From 2005-2008, he served as the associate administrator for program analysis and evaluation at NASA. In this capacity, he was responsible for providing objective studies and analyses in support of policy, program and budget decisions by the NASA Administrator. He previously served as chief technologist for space communications in NASA's Office of Space Operations where he was responsible for issues related to space-based information systems. He participated in negotiations that resulted in the 2004 GPS-Galileo Agreement between the United States and the European Commission. Dr. Pace also previously served as the deputy chief of staff to NASA Administrator Sean O'Keefe. His primary areas of responsibility included oversight of the President's management agenda in human capital, competitive sourcing, expanding e-government, financial management, and integrating budget and performance.
Prior to NASA, Dr. Pace was the assistant director for space and aeronautics in the White House Office of Science and Technology Policy (OSTP). There he was responsible for space and aviation-related issues and coordination of civil and commercial space issues through the Space Policy Coordinating Committee of the National Security Council. From 1993-2000, Dr. Pace worked for the RAND Corporation's Science and Technology Policy Institute (STPI) - a federally funded research and development center for the Office of Science and Technology Policy. Dr. Pace was a key member of a successful international effort to preserve radio navigation satellite spectrum at the 1997 World Radiocommunication Conference (WRC-97) and the addition of new spectrum for satellite navigation at WRC-2000. He also was a member of Department of Defense Senior Review Group on Commercial Remote Sensing and the National Research Council's Committee on Earth Sciences.

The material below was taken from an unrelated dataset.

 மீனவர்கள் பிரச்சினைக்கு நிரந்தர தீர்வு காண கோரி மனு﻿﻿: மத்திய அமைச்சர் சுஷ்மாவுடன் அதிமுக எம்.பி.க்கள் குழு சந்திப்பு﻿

From 1990 to 1993, Dr. Pace served as the deputy director and acting director of the Office of Space Commerce, in the Office of the Deputy Secretary of the Department of Commerce. Dr. Pace represented the Department to the National Space Council and participated in efforts affecting export controls for space technologies, space trade negotiations with Japan, Russia, China and Europe, the licensing process for private remote sensing systems, missile proliferation, and the U.S. space industrial base.
Dr. Pace received a Bachelor of Science degree in physics from Harvey Mudd College in 1980; Masters degrees in aeronautics and astronautics and technology and policy from the Massachusetts Institute of Technology in 1982; and a Doctorate in policy analysis from the RAND Graduate School in 1989. His dissertation was entitled "U.S. Access to Space: Launch Vehicle Choices for 1990-2010."
Henry R. Hertzfeld
Research Professor of Space Policy and International Affairs
Dr. Hertzfeld's areas of expertise include economic and legal issues of space policy, commercial uses of space technologies, technology policy, technology transfer, microeconomic analysis and administrative law.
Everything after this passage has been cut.